Re: Hubble mistake - Action needed

I think they are reffering to the anonymous authored documents sent out by someone from NASA.

The bottom line is it is risky, in any mission scenerio, to launch the Shuttle. We have to finish the ISS, and unfortunetly the Shuttle is the only thing that can complete it... for now. We don't *need* to fix Hubble, so it is an unneccessary risk to send a Shuttle to it.

I think this issue would be more damning, and I would yell along with everyone if O'Keefe simply says no alternatives are being explored to save the Hubble. But they are saying that they would be open to a non-Shuttle mission to Hubble, if a plan can be devised.

Is Hubble worth losing one of our last remaining Shuttles and her crew for? I don't think so. [shrug]

Actually I agree with you about the fight to save Hubble. The more interesting question is how ineptly the politics is being played By NASA on this.

A whole new Hubble isn't so ridiculously expensive either. The whole controversy dies if NASA simply proposes to launch a replacement Hubble via EELV, with the capability to accept robot docking. I saw an interesting comment somewhere that the mirrors needed to read license plates from DoD sats are larger than the Hubble mirror - a spare Hubble may not be that expensive. Right now $24 billion is projected for 24 orbiter flights between now and 2010. A billion per flight so not flying to Hubble saves a billion dollars.

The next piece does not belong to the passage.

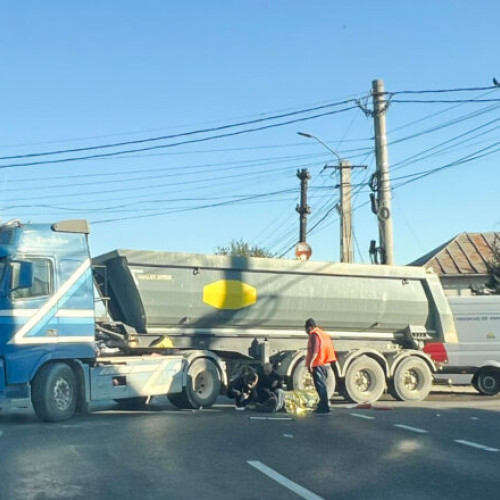 Femeie grav rănită în accident la Argeșelu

Ask Congress to build Hubble II funded with the savings from cancelling the Hubble repair mission. Install the 2006 upgrades on Hubble II which have already been paid for, right?

Zubrin, however, is right about the spectrum issues, Hubble cannot be easily replaced by ground based or even the James Webb telescope. 

The real battle is on credibility. Dana Rohrbacher calling to de-fund all NASA climatic research (because global warming is so obviously a bogus issue) doesn't help GOP credibility. Claims that James Webb is "just as good" or that ground based telescopes are "just as good" hurt credibility in a similiar way.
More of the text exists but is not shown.